# Logarithmic problem help

• Jul 13th 2010, 10:50 AM
Nikhiln25
Logarithmic problem help
I have to solve x in terms of k

\$\displaystyle log x + log (x+9)=k\$
• Jul 13th 2010, 10:55 AM
Also sprach Zarathustra
log(x) + log(y) = log(xy)
• Jul 13th 2010, 10:57 AM
Nikhiln25
Quote:

Originally Posted by Also sprach Zarathustra
log(x) + log(y) = log(xy)

Sorry wrote that completely wrong, meant to say solve for X in terms of K
• Jul 13th 2010, 12:36 PM
HallsofIvy
Yes, Also Sprach Zarathustra understood that. Apply his hint. If "log(x)+ log(y)= log(xy)" is a general rule, then what is log(x)+ log(x+ 9)?

Do you know how to solve log(y)= k for y? Do you know what the inverse function to log(x) is?
• Jul 13th 2010, 04:25 PM
Nikhiln25
Quote:

Originally Posted by HallsofIvy
Yes, Also Sprach Zarathustra understood that. Apply his hint. If "log(x)+ log(y)= log(xy)" is a general rule, then what is log(x)+ log(x+ 9)?

Do you know how to solve log(y)= k for y? Do you know what the inverse function to log(x) is?
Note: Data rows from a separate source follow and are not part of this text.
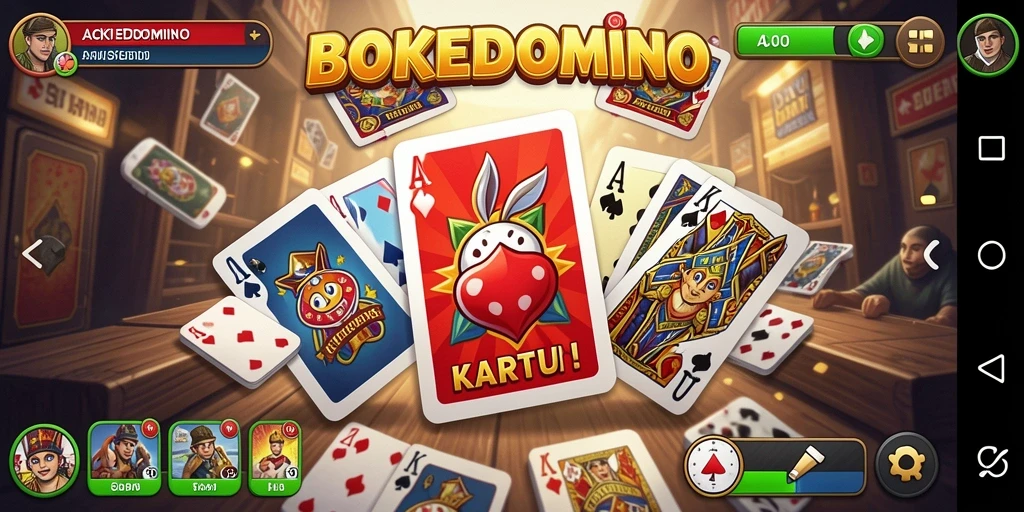 Tangkapan layar mendebarkan dari gameplay BOKEDOMINO yang penuh aksi.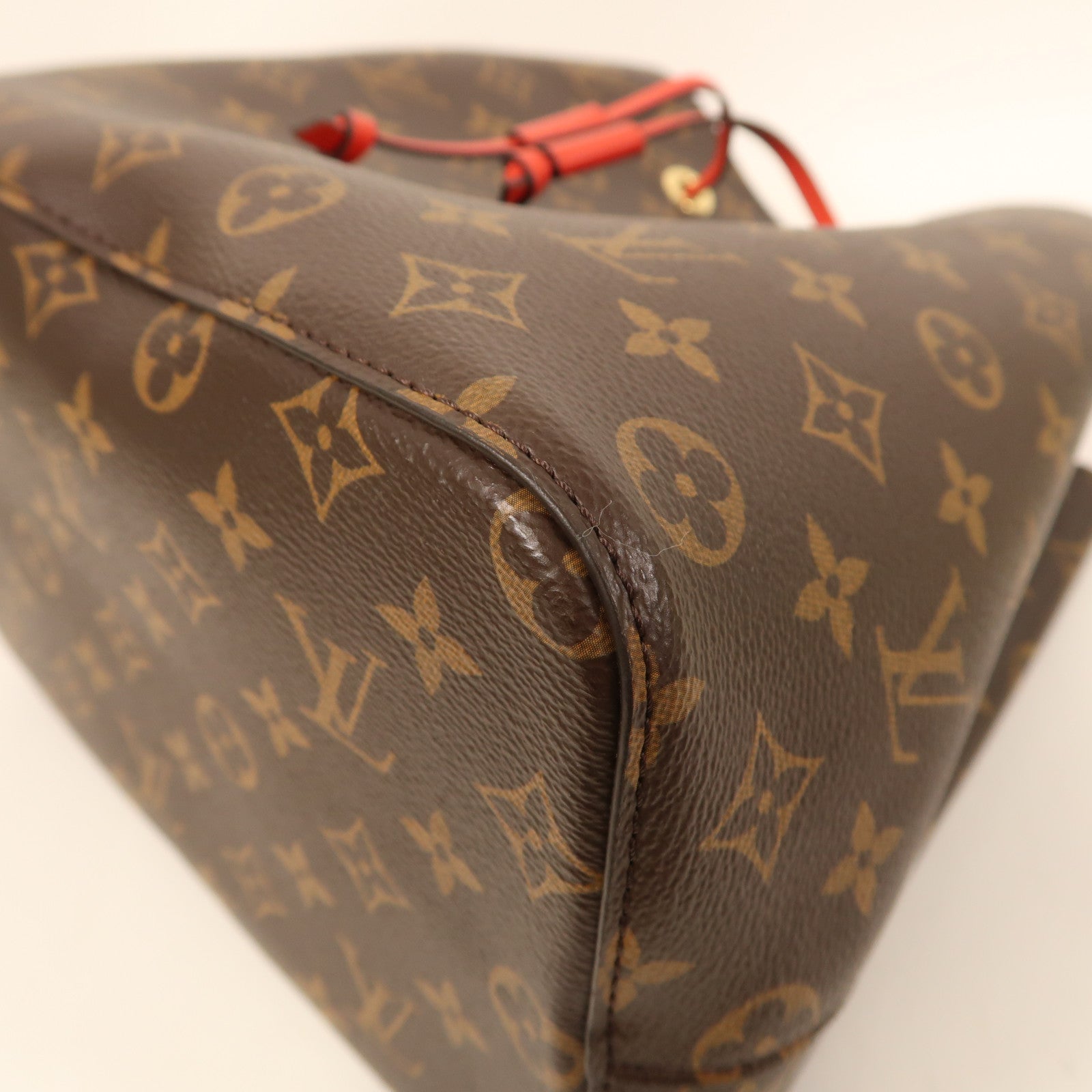 LOUIS VUITTON Monogram Neo Noe Bucket Bag金扣肩背袋Coquelicot/紅色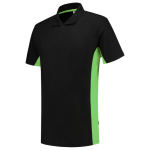 Poloshirts Maat zwart lichtgroen, MG180 Tricorp Tweekleurige Werkkleding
I haven't taken pre calc in 3 years so my memory of it is really sketchy..this is a review problem for calc which I'm taking right now.

Log(x^2+9x)=k
10^k=(x^2+9x)

Can't really figure out where to go from there. Like I said I barely remember anything from pre calc since its been about 3 years.
• Jul 13th 2010, 11:04 PM
Bacterius
That's the right way to do it, now notice that it is equal to the equation \$\displaystyle x^2 + 9x - 10^k = 0\$, which is a quadratic equation in \$\displaystyle x\$ with a constant term in \$\displaystyle k\$. Therefore you can apply the quadratic formula to isolate \$\displaystyle x\$ and solve it in terms of \$\displaystyle k\$.